HER: i know it sounds cooky, BUT a really slick guy can do it

ME: make sure you preset it. it needs to be hot

HER: 3/10 so far (what is that? a score or the number of references i must make? -BV)

ME: of course I'll use a mitten. i'm always protected. but yeah you know i just wanna spread butter on you sheet girl

HER: im not good at it

ME: grease it up nice like

HER: ok now im a little too excited

ME: cause we cooking with gas. with all burners. you know, i just gotta sautee with your sauce, but don't worry

HER: theres something about the thought of a marble statue and food that makes me really turned on. (Yeah, put an apron on Michaelangelo's David and she will cream herself -BV) im too excited i need to calm down. good night

ME: my souffle won't fall


Tuesday, June 14, 2005

I just got schooled... Moody McCarthy and Dan Allen. No me gusta. I learned that I'm not really out of shape. To be out of shape, you have be in some sort of shape in the first place. I'm more of a physical amoeba: no real definition and a gooey consistency.

Oh what a blow to the black ego to be stomped by 30something white guys named Dan and Moody. This is why I have a sense of humor. I was always the impress-you-with-my-quick-wit-talk-about-yo-mama-run-from-a-fight kind of negro, not the take-you-to-the-hole-mess-you-up-if-you-talk-bout-my-mama-look-at-my-biceps kind of negro. I realize this makes me sad.

Its been a while since I've played. Remember White Men Can't Jump? That's what people looked like last time I played. You could tell by my lingo...
"He's got hops!"
"Mess up his cravat!"
"54 40 or fight!"

I'ma work out. I'ma get bigger. I'ma get faster. I'ma get a shape. Then Dan and Moody have got it comin'

Monday, June 13, 2005

just the slightest bit disturbing (rant)

I went to the Museum of Sex the other day. Yes. I know. I'm a man about town. Indeed. Its quite an interesting place and one of the few places in NYC where you can look at a magazine with "dirty pictures" or as Helms and Strom would say "filth masquerading as art" without someone over your shoulder disgusted with you. Indeed.

((*note: of course Helms and Strom means Jesse Helms and Strom Thurmond.
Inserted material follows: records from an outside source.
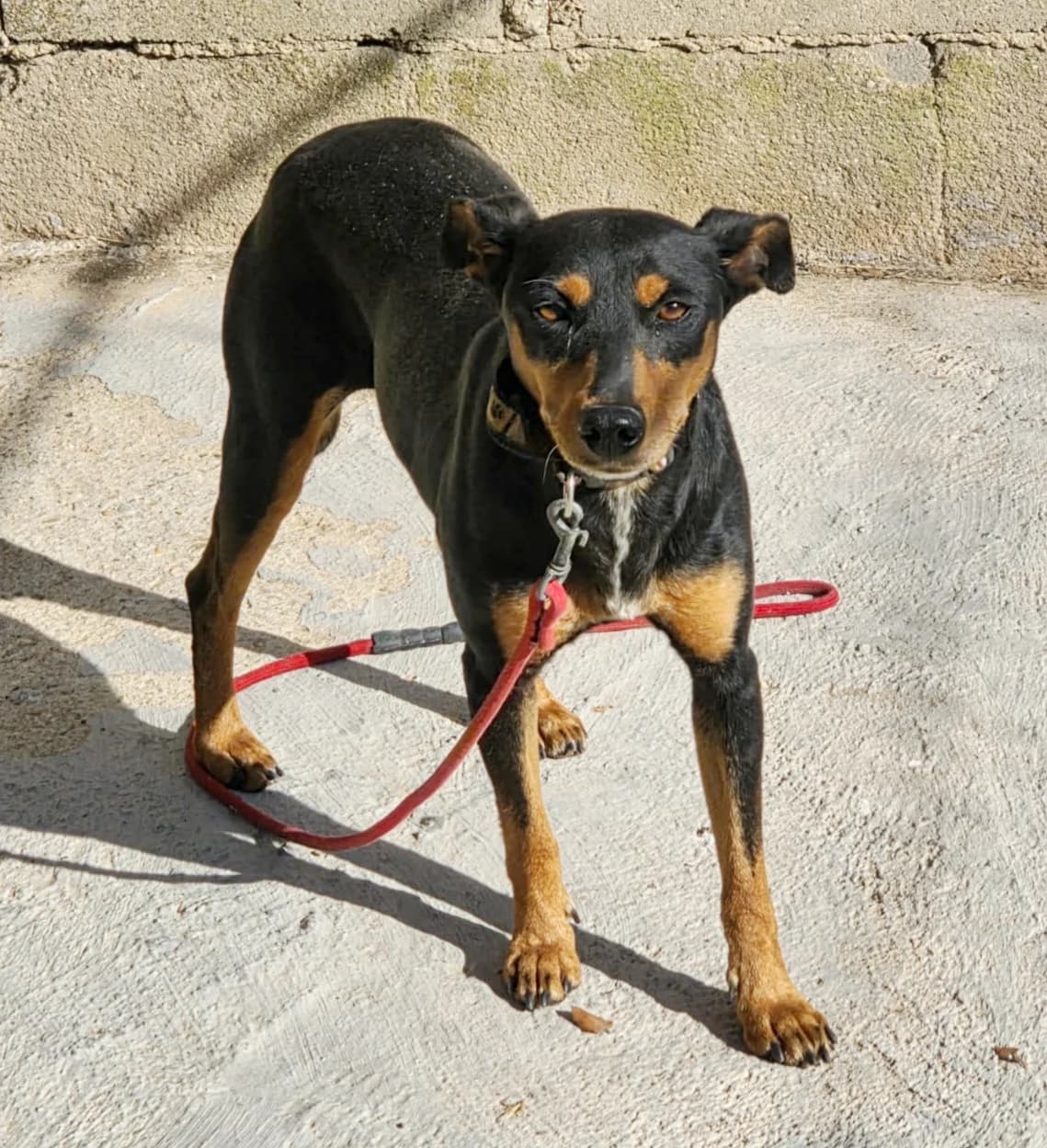 Belcha, female Mixed Breed for adoption at Asociación El Hocico
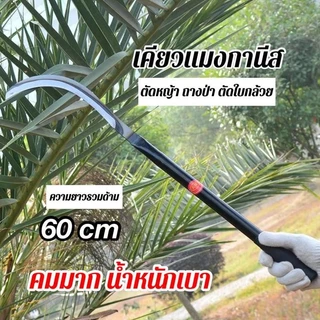 เคียวแมงกานีสชุดจัดโปร (2 เล่ม) เคียวแมงกานีสนี้เหมาะสำหรับตัดไม้ ตัดใบกล้วย ใบมะพร้าว และตัดแต่งกิ่งไม้ในสวน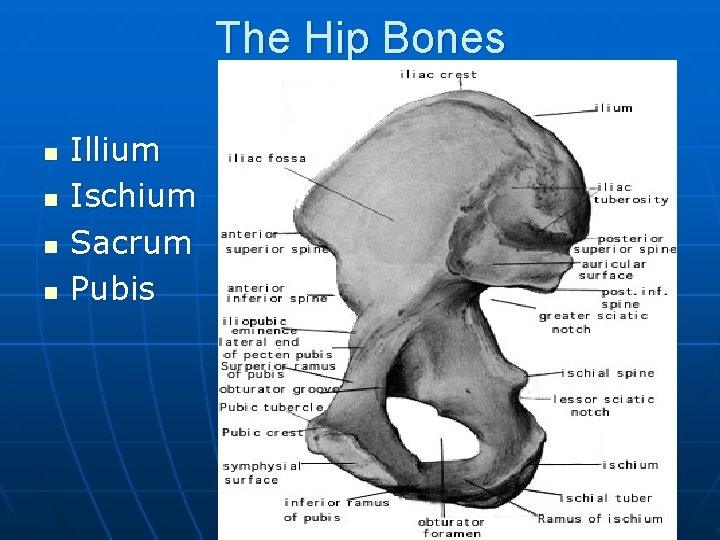 The Hip Bones n n Illium Ischium Sacrum Pubis 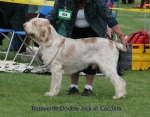 Filename=T-DoubleJack2.jpg
Filesize=80KiB
Dimensions=700x550
Date added=Sep 16, 2009 T-DoubleJack2.jpg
Although it does sound like a great name for a Modern Conservative Vaudeville Team...
HELMS: What do you call an elephant that's late for a job interview?

STROM: I don't know, but I sure hate Niggers! (roaring laughter)

HELMS: Me too, me too...I mean seriously, they haven't been useful since the good ol' cotton picking days! (Strom starts barking and foaming from the mouth) Oops! I forgot references to those days make you rabid!

BOTH: Ha Cha Cha Cha!))

I was at the museum looking at the Stag Film exhibit. It was a historical recount of how porn films came to be. Back in the day, there were low grade movies of hardcore sex (dating back to 1915) and groups of men would get together to watch them while they drank and had a good time. The Stag Party was born.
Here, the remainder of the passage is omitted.